Low take-up if opt-in is fully informed. The Information Commissioner has said that schemes such as Webwise should be opt-in. Many critics will be monitoring how you implement this. So it is likely that you will have to expressly disclose that if they opt in, users will then have most of their web browsing intercepted and read. On this basis, few users are likely to opt in.
Technical community recommending “anyone but BT Home Broadband”. I am sure you have already quantified the potential loss through critics of BT’s relationship with Phorm terminating their broadband agreements with you. But these are also the people others go to for advice about computers and the Internet. Have you also calculated the much greater loss of new business as a result of these people advising that BT Home Broadband should be avoided?
Costs and cost of time in fighting copyright claims. Everything on the Internet is not free to use. For example you cannot download a picture and then make money from publishing it in a book. Small website owners, whose copyright is infringed by Webwise’s profiling, may sue BT in large numbers via the small claims courts, costing you time and money. Large website owners, such as Amazon, may take you to court for large sums of money.

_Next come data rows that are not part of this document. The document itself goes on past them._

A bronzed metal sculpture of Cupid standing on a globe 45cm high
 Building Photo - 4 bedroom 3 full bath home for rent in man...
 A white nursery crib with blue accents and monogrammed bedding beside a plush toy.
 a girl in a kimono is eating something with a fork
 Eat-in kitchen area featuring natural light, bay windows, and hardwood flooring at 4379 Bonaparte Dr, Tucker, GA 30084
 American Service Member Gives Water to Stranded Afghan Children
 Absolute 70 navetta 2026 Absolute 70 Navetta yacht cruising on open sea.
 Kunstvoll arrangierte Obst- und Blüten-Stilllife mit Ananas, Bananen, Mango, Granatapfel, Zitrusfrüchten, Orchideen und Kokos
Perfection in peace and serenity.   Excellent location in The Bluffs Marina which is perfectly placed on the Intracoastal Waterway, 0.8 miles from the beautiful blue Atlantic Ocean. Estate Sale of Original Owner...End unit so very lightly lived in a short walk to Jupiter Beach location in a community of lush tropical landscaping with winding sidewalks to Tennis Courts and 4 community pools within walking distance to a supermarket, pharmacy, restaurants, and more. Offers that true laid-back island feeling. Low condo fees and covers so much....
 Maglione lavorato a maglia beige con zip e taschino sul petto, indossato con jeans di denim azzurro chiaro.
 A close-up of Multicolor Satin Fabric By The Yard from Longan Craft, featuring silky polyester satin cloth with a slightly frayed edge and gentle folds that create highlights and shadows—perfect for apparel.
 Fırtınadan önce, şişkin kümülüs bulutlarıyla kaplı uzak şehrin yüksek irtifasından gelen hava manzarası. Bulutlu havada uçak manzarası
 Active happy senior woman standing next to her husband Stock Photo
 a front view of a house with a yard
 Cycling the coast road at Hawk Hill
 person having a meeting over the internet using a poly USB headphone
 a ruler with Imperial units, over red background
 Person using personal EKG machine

Major Internet companies making Phorm’s operation worthless. The major Internet companies are unlikely to let Phorm take any significant share of their advertising revenue. Microsoft may adapt the Internet Explorer browser so that it does not process third party cookies (in the same way as a the Safari browser does not process them currently). Google may implement SSL so that its searches and results are encrypted. Phorm may be left with nothing to profile.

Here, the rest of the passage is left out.